Parlare di cibo senza parlare di EXPO (o quasi)
Ripartiamo da dove ci siamo lasciati.*
Si discuteva, come spesso ultimamente, di gourmet e di fast food nella sfida pubblicitaria di McDonald’s. E poi vi avevo promesso che avrei parlato di un libro che con il gourmet non c’entra proprio niente, che parla di cibo prima che il gourmet esistesse nella maniera stereotipata in cui esiste oggi. 2007, data di pubblicazione del libro di Giorgio Taborelli “Piccolo libro dei cibi”.
Oggi inaugura l’EXPO: proverò a parlarvi di cibo e alimentazione senza parlare dell’esposizione. Ardua sfida.
Il libro mi è piaciuto come mi piacciono tutti i libri carichi di aneddotica e curiosità da sfoggiare per solleticare le menti.

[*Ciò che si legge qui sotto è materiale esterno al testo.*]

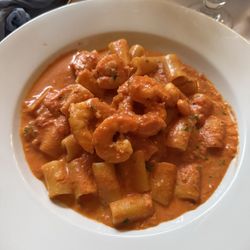 Le Fontane - Rigatoni and shrimp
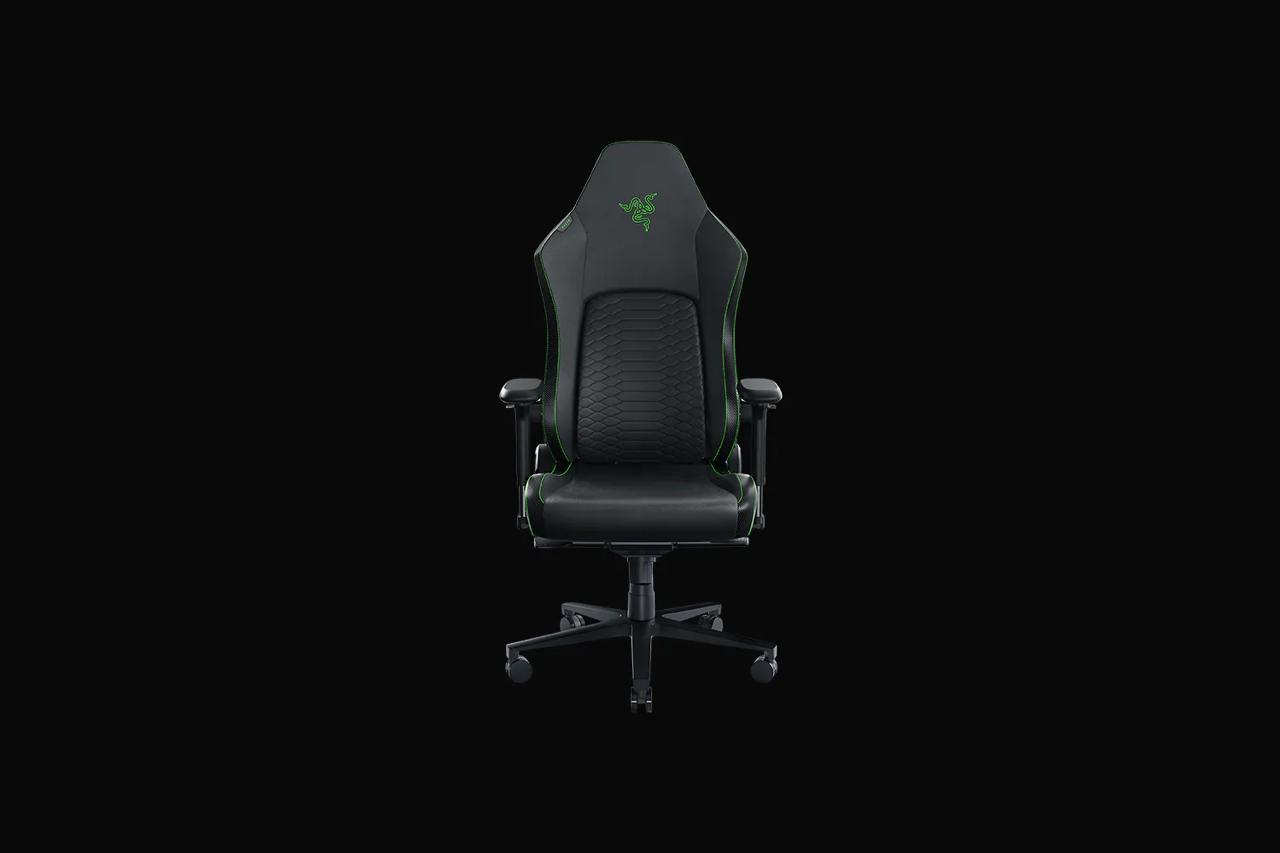 Комп'ютерне крісло для геймера Razer Iskur V2 Green (RZ38-04900100-R3G1)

A guardare la proposta editoriale odierna, si impazzisce: anche le case editrici non si sono fatte sfuggire il richiamo culinario di EXPO. Addirittura Ravasi e Bergoglio hanno scritto libelli dal titolo “Siamo quel che mangiamo?” e “Il Dio che ci nutre”: scelta non casuale, suppongo.
Eppure, questo saggio di Taborelli rimane discreto nella sua essenzialità. Capitolo dopo capitolo, prende in considerazione la carne, il pesce, i crostacei, le uova, i latticini, i cereali. E ne racconta la storia, piccole curiosità, usanze rinascimentali e medievali.
È stato interessante leggere il libro proprio prima di gustare, al Teatro dell’Orologio, “Note di cucina”, pièce che tutto e nulla ha a che vedere con esso.
Sapevate, per esempio, che i romanissimi supplì pare siano chiamati così per scimmiottare la parola francese di surprise? Probabilmente no, ma come altro definireste la mozzarella filante che trovate all’interno? Come dare torto a chi si è sorpreso mangiandolo per la prima volta!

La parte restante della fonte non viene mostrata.